Some approaches failed. "Write accessible alt text" produced verbose, overly detailed output. LLMs conflate "accessible" with "comprehensive." For abstract images, providing article context caused over-interpretation - the LLM projected symbolism that might not match creator intent. An interconnected network of shapes became "representing the interconnection of ethical principles" when given context about an ethics post. This may or may not be accurate.

Research validates this user-centered approach. The Microsoft Research alt text initiative, in collaboration with UT Austin, focuses on increasing the utility of automatically generated descriptions by understanding what blind and low vision users actually need - not just what's technically describable.
The ethical framing matters. These prompting patterns shouldn't be user burden. A blind user shouldn't need to engineer better prompts to get adequate alt text. The burden belongs on content creators, platform designers, and AI developers.
This means encoding accessibility intent at the system level—a core principle of inclusive design and responsible AI development—in platform defaults, tool configurations, organizational guidelines. System interventions scale where individual prompts don't.
Beyond Compliance: What Standards Don't Capture
These patterns improve measurable outcomes: WCAG compliance, information equivalence, technical validity. But meeting standards is the floor, not the ceiling. User research reveals needs that technical evaluation alone can't address.

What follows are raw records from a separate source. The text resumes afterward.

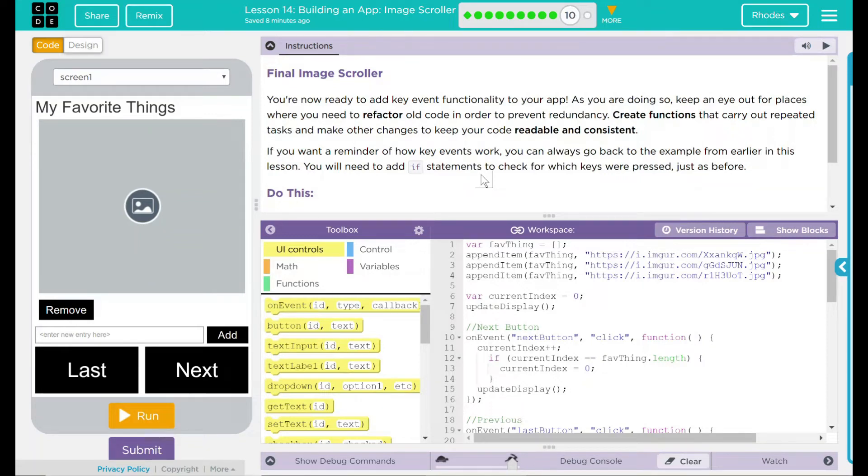Hey kids, welcome to Lesson 14, Building an App, Image Scroller. Final Image Scroller, everyone! Finally, we are here.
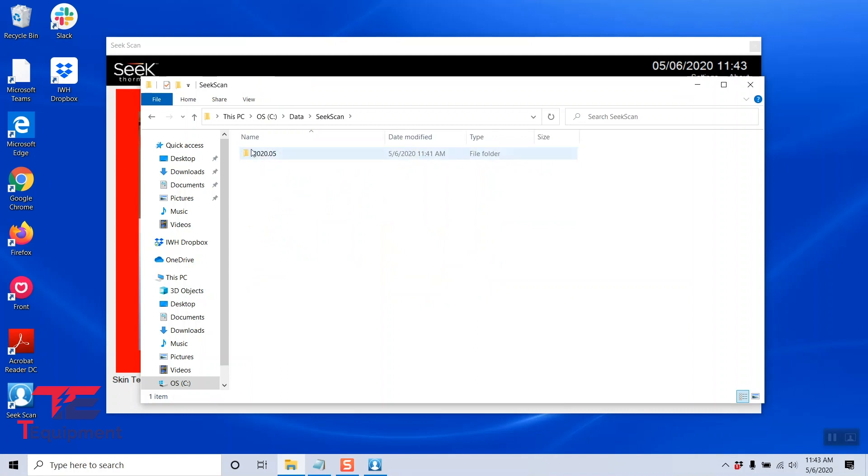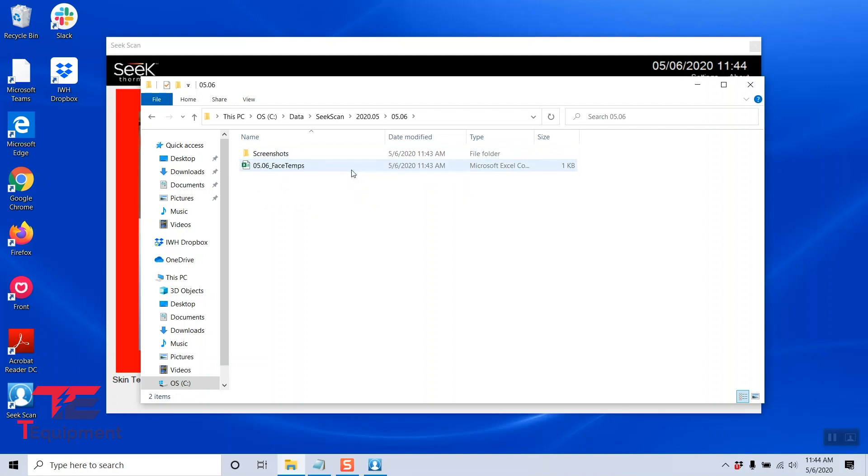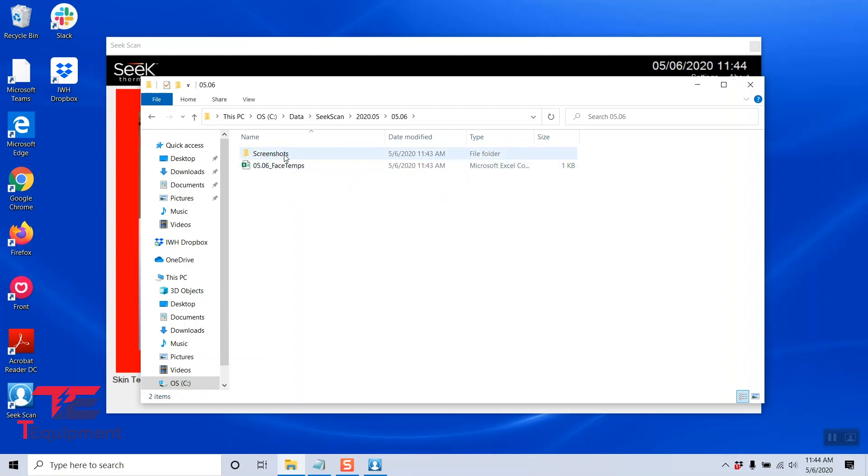And again, it will label them by the year and the month here, and again the month and day. And it's going to give me two different files. So one is the face temperature log, the other one is going to be the screenshots. I'm going to go ahead and open the screenshots.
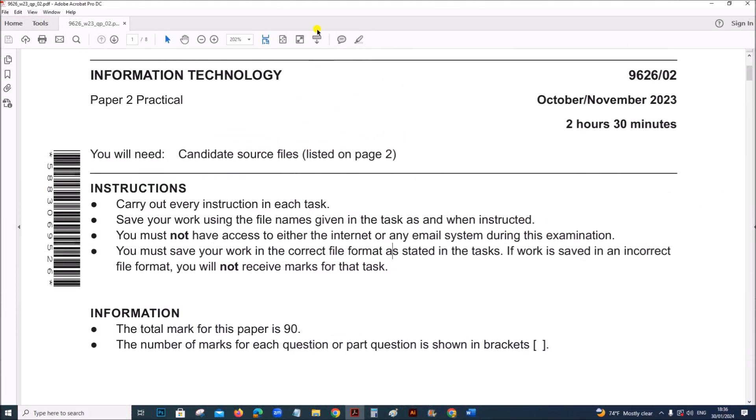Hello everyone, in this video I will be solving Cambridge A-Level Information Technology Paper 2 Practical for October November 2023.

Stanford HAI research found that blind and low vision users often prefer descriptions that are subjective and context-appropriate rather than objective and neutral. "If the dog is cute or the sunny day is beautiful, depending on context, the description might need to say so." This preference for contextual judgment goes beyond what WCAG requires - and informs better prompting strategies.

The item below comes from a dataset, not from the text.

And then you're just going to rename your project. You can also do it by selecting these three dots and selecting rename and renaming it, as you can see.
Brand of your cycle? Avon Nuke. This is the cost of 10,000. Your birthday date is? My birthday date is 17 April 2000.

Neurodivergent users have documented format preferences: bullet points, numbered lists, segmented steps, clear structure supporting executive functioning. These preferences suggest that verbose prose - even technically accurate prose - may not serve everyone. Designing with these needs in mind produces outputs that work for broader audiences.

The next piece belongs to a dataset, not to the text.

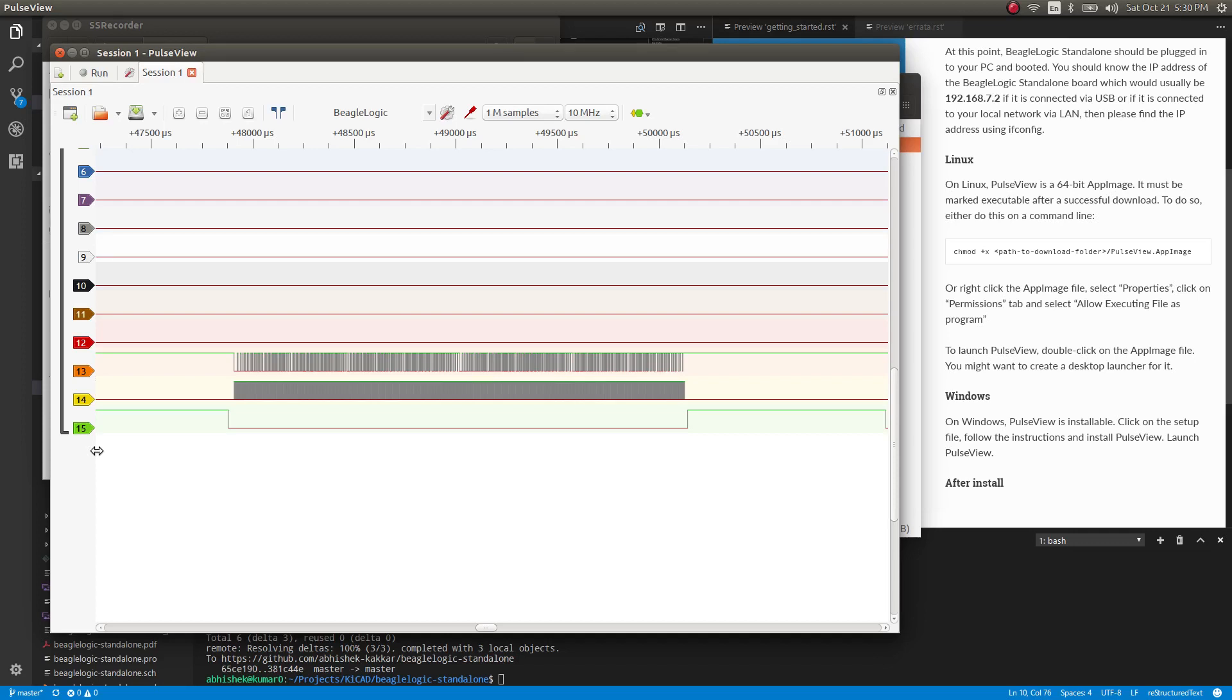In this video, we'll cover adding triggers to a capture in PicoLogix and alone using PulseView.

Deaf and hard of hearing users prefer verbatim captions over summarized ones. Accuracy in high-stakes contexts (legal, medical, employment) requires standards current AI often fails to meet. These are real constraints that shape when and how LLMs should be deployed for accessibility content.
Significant research gaps remain. Studies focus heavily on visual impairments; non-visual disabilities are underexamined. Compounding factors - disability combined with other marginalized identities - receives limited attention. Global South perspectives are largely absent from Western-centric research.
This is why participatory design—a cornerstone of universal design methodology—matters. "Nothing about us without us" isn't a slogan - it's a design imperative. Standards-based evaluation provides a foundation. Building on that foundation requires the voices and experiences of the users these systems are meant to serve.
Conclusion
LLM outputs give the illusion of access without the substance. Technically valid alt text that describes mechanics without semantics. Default behaviors shaped by biased training data. Standards met while users are failed.
The intervention is context. Prompts that include purpose, audience, and accessibility framing produce better outputs. System designers should encode this context by default, not expect users to compensate.
Technical evaluation provides the foundation: measuring outputs against WCAG criteria, identifying which prompting patterns improve compliance, documenting where defaults fail specific standards. But meeting standards is necessary, not sufficient. Building systems that truly serve disabled users requires their voices - not just in user research, but in the rooms where these systems are designed.
Build AI that defaults to serving everyone. Don't ship illusions of access.